Çarşamba, Nisan 18, 2012

Bazıları

Bazı insanlar vardır, yapı itibariyle hislerini belli etmezler. Anlayamazsınız! Onlar, en yoğun karmaşanın içine bile düşseler, soğukkanlı ve renk vermeden öylece dururlar. 



Bu insanların karakterlerinden bahsederken; ruhsuz, duygusuz, taş kalpli… deriz toplum olarak. Oysa beni en çok düşünmeye iten, buz dağının görünmeyen yanının devasal derecede büyük ve yoğun olduğunu hissettiren, gizli yanlarını en çok merak ettiğim insanlardır onlar.

Bazen ısrarla dünyasına girmek, hala kan kaybına maruz bırakan kesiklerini onarmak istersiniz, izin vermez. Acı çektiğini hep gizler. Hayal kırıklığı en dibe vurduğu vakittir, en çok gülümsediği anlar.

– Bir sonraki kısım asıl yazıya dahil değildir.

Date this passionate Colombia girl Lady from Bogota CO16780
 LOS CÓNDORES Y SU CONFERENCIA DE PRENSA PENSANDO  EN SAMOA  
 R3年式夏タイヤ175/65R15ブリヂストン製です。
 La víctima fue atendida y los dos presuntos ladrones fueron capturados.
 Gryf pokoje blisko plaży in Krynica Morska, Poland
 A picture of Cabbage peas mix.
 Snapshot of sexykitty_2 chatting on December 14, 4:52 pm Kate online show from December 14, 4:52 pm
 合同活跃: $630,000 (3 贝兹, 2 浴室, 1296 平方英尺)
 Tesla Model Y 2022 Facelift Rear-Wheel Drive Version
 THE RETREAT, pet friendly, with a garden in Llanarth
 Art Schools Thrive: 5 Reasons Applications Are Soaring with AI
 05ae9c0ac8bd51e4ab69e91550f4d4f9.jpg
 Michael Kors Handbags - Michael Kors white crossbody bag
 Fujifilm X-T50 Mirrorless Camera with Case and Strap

İnsan, yaşadığı travmaları kaldıramaz hale geldikçe, oyunculuğunu geliştirir, bir adım daha yaklaşır Oscar’a. Korkuları büyüdükçe, daha dik durmaya çalışır, hayatla hep savaşır. Kendini bitirdiğini, harcadığı zamanını, mutsuzluğunu izlersiniz anlam veremeden.

İki tür insan vardır dünyada. 1. Acı eşiği doğuştan yüksek olanlar, 2. Acı eşiği çektiği acılar neticesinde artanlar. 

İkinciler daha tehlikeli olanlardır. Çünkü olumsuz bir şeye alışmanın daha ileri ki aşaması, o şeye bağımlı kalmaktır. 

Delilik; nasıl fazla akıllılık ise, canilik; acıdan zevk almaktır.